Holocaust Educator School Partnership Program: Apply Now for Fall 2023!
A paid museum internship for NYC undergraduate and graduate students
Applications due March 31, 2023 at 5 PM ET
New York City undergraduate and graduate students are invited to apply now for a paid, in-depth internship to learn about and teach the history of the Holocaust in classroom and Museum gallery settings.
The Holocaust Educator School Partnership program at the Museum of Jewish Heritage – A Living Memorial to the Holocaust offers New York City college and university students a challenging program of work and study as they are trained on how to teach the history of the Holocaust and then work with middle and high school students in NYC public schools. Interns receive in-depth education about the history of the Holocaust and teaching methodologies.
TRAINING: In mid-August, interns will attend an intensive training at the Museum to learn how to teach public, middle, and high school students about the Holocaust. During training interns meet with Museum staff and Holocaust scholars, hear testimony from Holocaust survivors, and learn methods for teaching from artifacts in the Museum’s collection.
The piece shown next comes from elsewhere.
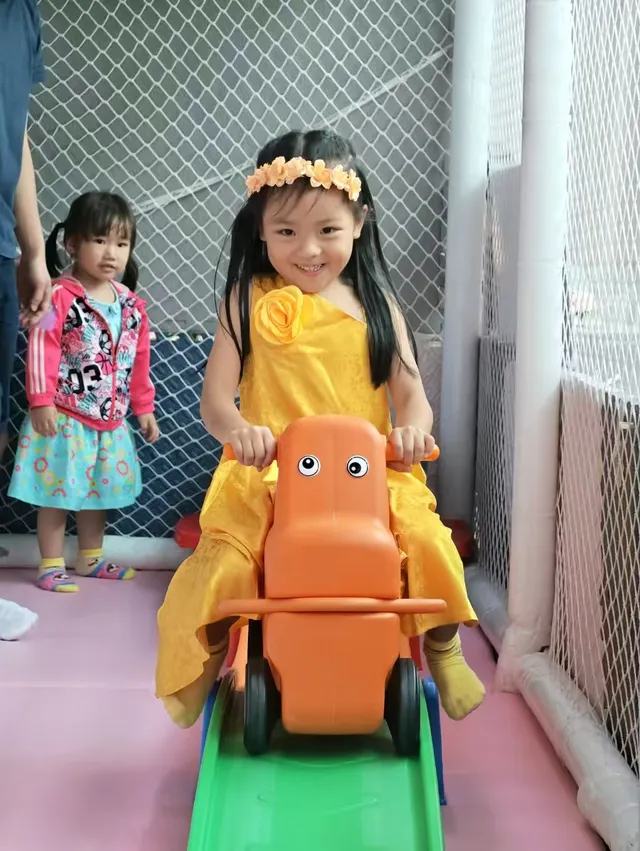 小朋友於Kidstation荃灣分店玩滑梯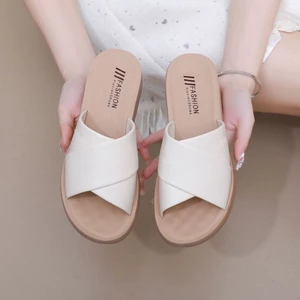 Dép nữ cỡ vừa, dép mẹ, áo khoác ngoài nữ, đế mềm thời trang, chống trơn trượt, sandal đế bệt tho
TEACHING: Following training, interns work in pairs, visiting several New York City public middle and high schools to teach an introductory classroom lesson and then give tours to these classes at the Museum.
BENEFITS: Interns receive a stipend based on the number of visits that they teach and are reimbursed for local travel. Interns may choose to work for school credit rather than pay. For interns, the program provides a growth opportunity and hands-on teaching experience. Many interns continue to pursue academic or professional interests related to their experiences teaching about the Holocaust.
ELIGIBILITY: Currently enrolled undergraduate and graduate students of all backgrounds and academic interests are encouraged to apply. The internship is designed for students from a variety of fields and backgrounds. The ideal candidate will have a desire to learn and educate, an appreciation for museums, and an ability to work well with others. No previous teaching or Holocaust study is required, although both of these are desirable.